Kennedy: No on Roberts

Senator Kennedy went to the Senate floor today to discuss the nomination of John Roberts and why he intends to vote no. I’ve included some excerpts of his remarks below, you can read it in its entirety here .

“Supporting or opposing nominees to the Supreme Court should not be a partisan question. In my 43 years in the United States Senate, I have supported more nominees for the Supreme Court by Republican presidents than by Democratic presidents.

But, there is clear and convincing evidence that John Roberts is the wrong choice for Chief Justice. I oppose the nomination, and I urge my colleagues to do the same.”

“The rule of law is not some mathematical formula for meting out justice. It is our values and ideals that give it real meaning – in the case of the Constitution, not our personal values and ideals, but our values and ideals derived from the meaning of the constitutional text.


We all believe in the rule of law. But that is just the beginning of the conversation when it comes to the meaning of the Constitution. The Constitution of Justice Scalia and Justice Thomas is a very different document from the Constitution of Justice Stevens and Justice Souter. Everyone follows the same text. That is the rule of law. But the meaning of the text is often imprecise. You must examine the intent of the Framers, the history, and the current reality. And this examination will lead to very different outcomes depending on each Justice’s constitutional world view. Is it a full and generous view of our rights and liberties and of government power to protect the people, or a narrow and cramped view of those rights and liberties and the government’s power to protect ordinary Americans?

Based on the record available, there is clear and convincing evidence that Judge Roberts’ view of the rule of law would narrow the protection of basic voting rights. The values and perspectives displayed over and over again in his record cast large doubts on his view of the validity of laws that remove barriers to equal opportunity for women, minorities, and the disabled. His record raises serious questions about the power of Congress to pass laws to protect citizens in matters they care about.
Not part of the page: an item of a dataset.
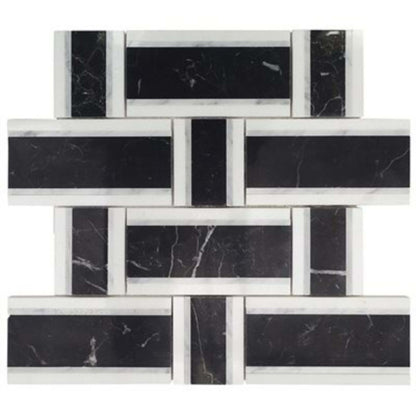 Interlace in Nero Marquina White Carrara  Thassos Natural Stone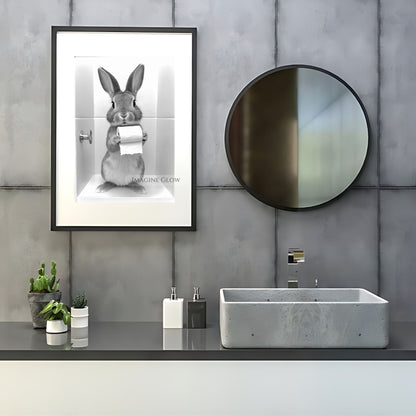 Colorful bunny bathroom wall decor with a quirky design.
In fact, there is nothing in the record to indicate otherwise. For all the hoopla and all the razzle-dazzle, the record is no different in its bedrock substance than it was the day the hearings started.”

On the Voting Rights Act: “In the area of voting rights, he has a record of strong opposition to Section 2 of the Voting Rights Act, which is widely acknowledged by scholars and civil rights experts to be one of the most powerful and effective civil rights laws ever enacted. It outlaws voting practices that deny or dilute the right to vote based on race, national origin, or language minority status – and is largely uncontroversial today. Before it was passed, there had not been a single African-American elected since Reconstruction from seven of the southern states with the greatest of African American populations.
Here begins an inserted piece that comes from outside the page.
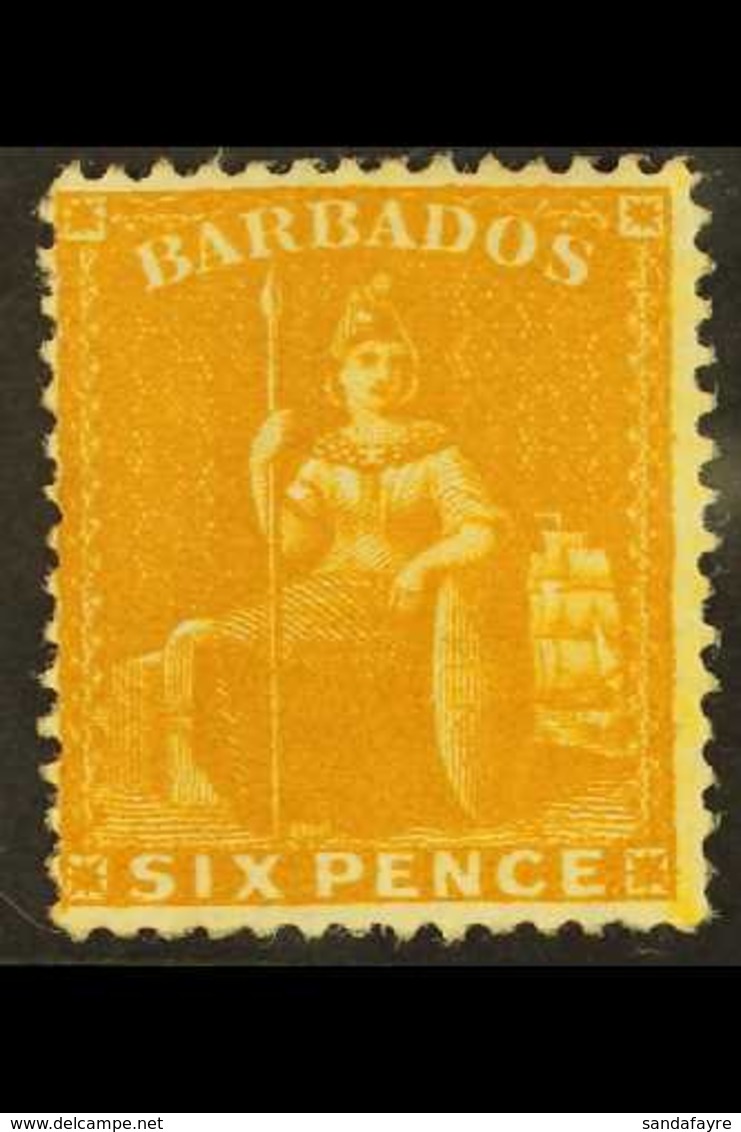 1875-81 6d Chrome-yellow Britannia, SG 79, Very Fine Mint. For More Images, Please Visit Http://www.sandafayre.com/itemd - Barbados (...-1966)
In fact, he pressed to keep others from changing their minds about opposing the law. When Assistant Attorney General for Civil Rights Brad Reynolds raised concerns about sending the Senate a letter on this issue, John Roberts urged the Attorney General to send it, stating that “my own view is that something must be done to educate the Senators on the seriousness of this problem . . . .” Of course, the problem he saw was the amendment, not the discrimination it was designed to end.

Both Senator Feingold and I tried to find out whether he came to agree with the strengthened Voting Rights Act after President Reagan signed it into law.

Even when Senator Feingold asked whether Judge Roberts would acknowledge today that he had been wrong to oppose the effects test, he refused to give a yes-or-no answer.

Senator Feingold asked: “What I’m trying to figure out is, given the fact that you’ve followed this issue for such a long time, I would think you would have a view at this point about…whether the department was right in seeking to keep the intent test or whether time has shown that the effects test is really the more appropriate test.”

Judge Roberts responded, “I’m certainly not an expert in the area and haven’t followed and have no way of evaluating the relative effectiveness of the law as amended or the law as it was prior to 1982.”

So we still don’t know whether he supports the basic law against voting practices that result in denying voting rights because of race, national origin, or language minority status.

You don’t need to be a voting rights expert to say we’re better off today in an America where persons of color can be elected to Congress from any state in the country, as opposed to the America of 1982, in which no African American had been elected to Congress since Reconstruction from Mississippi, Florida, Alabama, North Carolina, South Carolina, Virginia, or Louisiana, because restrictive election systems effectively denied African Americans and other minorities the equal chance to elect representatives of their choice. In these states, African Americans were a third or more of the population, but they were effectively blocked from electing any candidate of their choice decade after decade throughout the twentieth century.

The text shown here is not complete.